NRA approves in principle proposal to let N-plants run over 60 years

Yomiuri Shimbun file photo
The No. 2 reactor at Japan Atomic Power Co.’s Tsuruga power plant in Tsuruga, Fukui Prefecture is seen in May, 2021.

The Nuclear Regulation Authority on Wednesday approved in principle a plan that would allow the economy ministry to extend the operational life of nuclear power plants at intervals of within 10 years, beginning 30 years after the start of their use.

If this system is introduced, the current rules for nuclear power plants — adopted in the wake of the 2011 accident at the Fukushima No. 1 nuclear power plant — which set the operating period at “40 years in principle, extendable to a maximum of 60 years” will be changed, allowing plants to operate for “over 60 years.”

The NRA will compile a draft to amend the Law on the Regulation of Nuclear Source Material, Nuclear Fuel Material and Reactors, which sets the current rules, aiming to have it submitted at an ordinary Diet session next year.

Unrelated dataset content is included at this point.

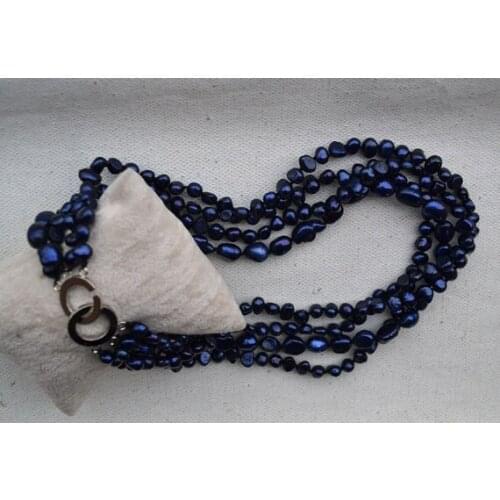 Charming Real Pearl Jewelry,6-10mm Navy Color Baroque Freshwater Pearl Necklace,Wedding Party Jewelry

At its regular meeting Wednesday, the agency decided that it would discuss whether to formally accept the plan once the Economy, Trade and Industry Ministry has decided on its policy.

Under the current rules, when a nuclear plant reaches 40 years after the start of its operation, the NRA checks the “hard” aspects of the plant, meaning the safety of key physical facilities such as reactor buildings, and then grants a one-time extension of up to 20 years.

In addition, the watchdog has been taking measures to combat aging every 10 years for nuclear power plants that have been in operation for more than 30 years, by evaluating mainly the “soft” side, such as deterioration of parts, frequency of their replacement and adequacy of maintenance plans.

The NRA’s proposal seeks to unify the screening of the hard and soft sides. After 30 years of operation, nuclear plants will undergo safety inspections in terms of both sides before getting the green light for extended operation. After that, the NRA will check the status of deterioration for each plant, and give approval at intervals of within 10 years. The timing to first get approval for an extension thereby moves forward by 10 years from the current 40 years, and utilities would become able to operate nuclear power plants as long as they receive approval.

In regard to total operational life, the economy ministry is in discussions to decide to either eliminate upper limit, or to set a certain cap but not include periods when a plant is shut down. It will decide on a policy by the end of the year.